• **Task instructions**
From the first line to the last, restate the material word for word; pictures stay out.

• **Source material**
● ● ● ● ●

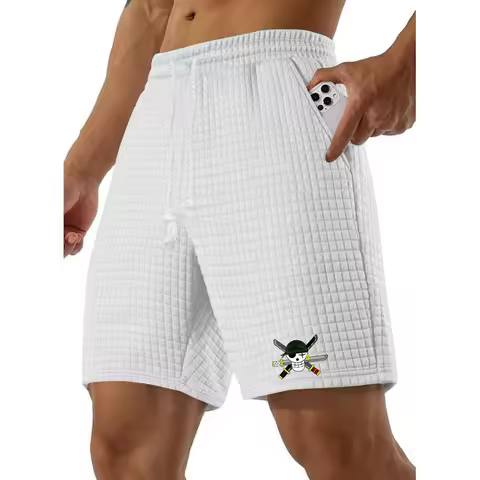 Pantalones cortos informales de negocios Waffle para hombre, moda coreana, pantalones cortos holgado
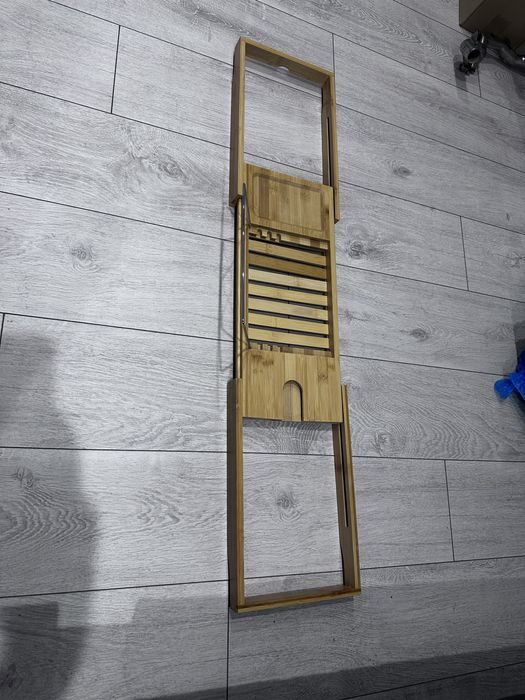 Bambusowa tacka do wanny kieliszek telefon tablet książka nowe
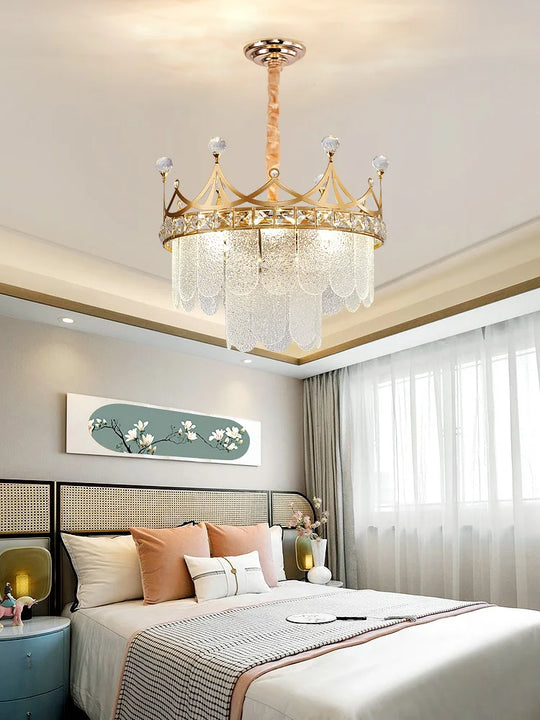 Elegant Modern Minimalist Crown K9 Crystal Chandelier - A Round Golden Fixture For Living Rooms And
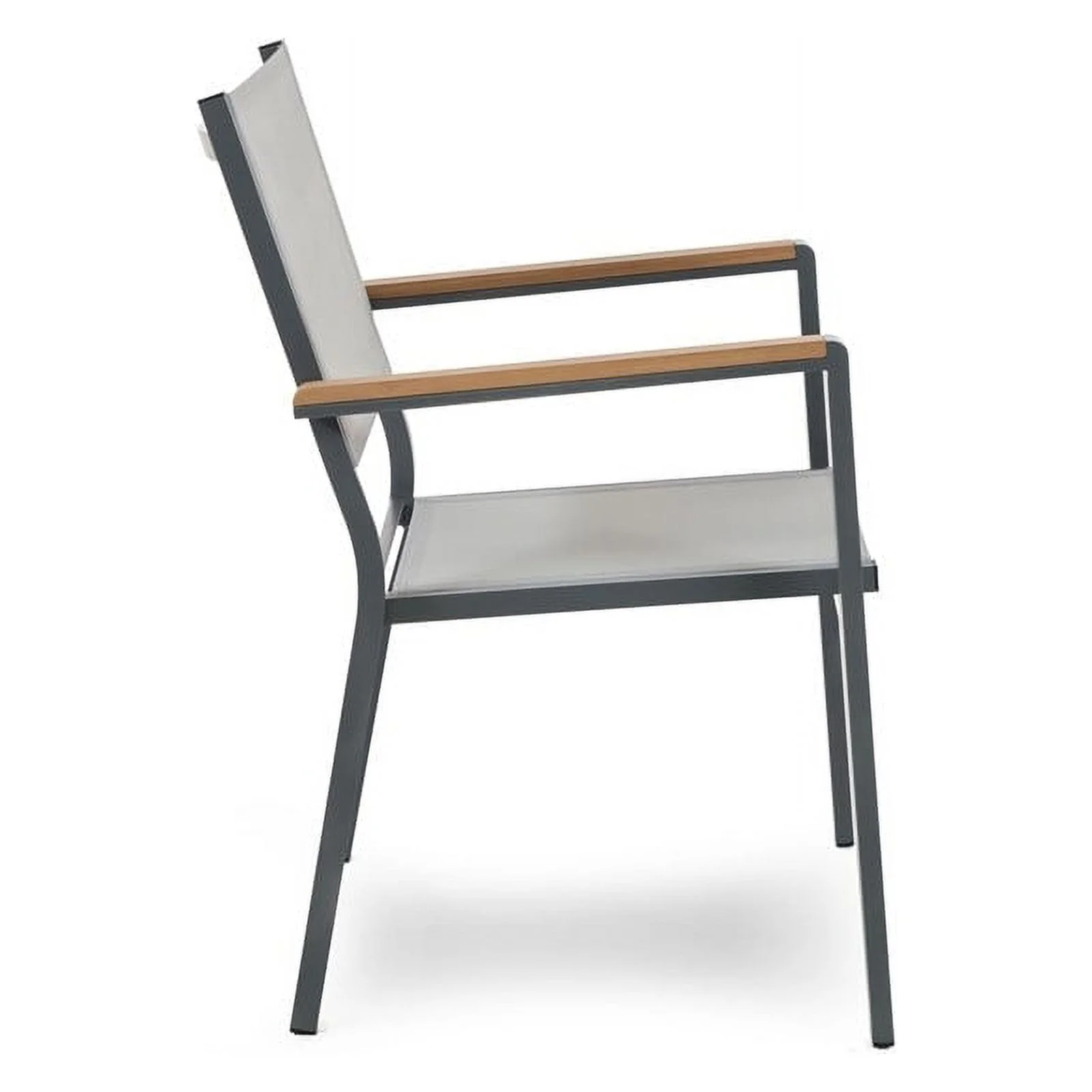 Afuera Living 4-Piece Outdoor Patio Metal Gray Frame Chairs with Teak Accent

● ● ● ● ●

• **Solution to this task**
 Pantalones cortos informales de negocios Waffle para hombre, moda coreana, pantalones cortos holgado
 Bambusowa tacka do wanny kieliszek telefon tablet książka nowe
 Elegant Modern Minimalist Crown K9 Crystal Chandelier - A Round Golden Fixture For Living Rooms And
 Afuera Living 4-Piece Outdoor Patio Metal Gray Frame Chairs with Teak Accent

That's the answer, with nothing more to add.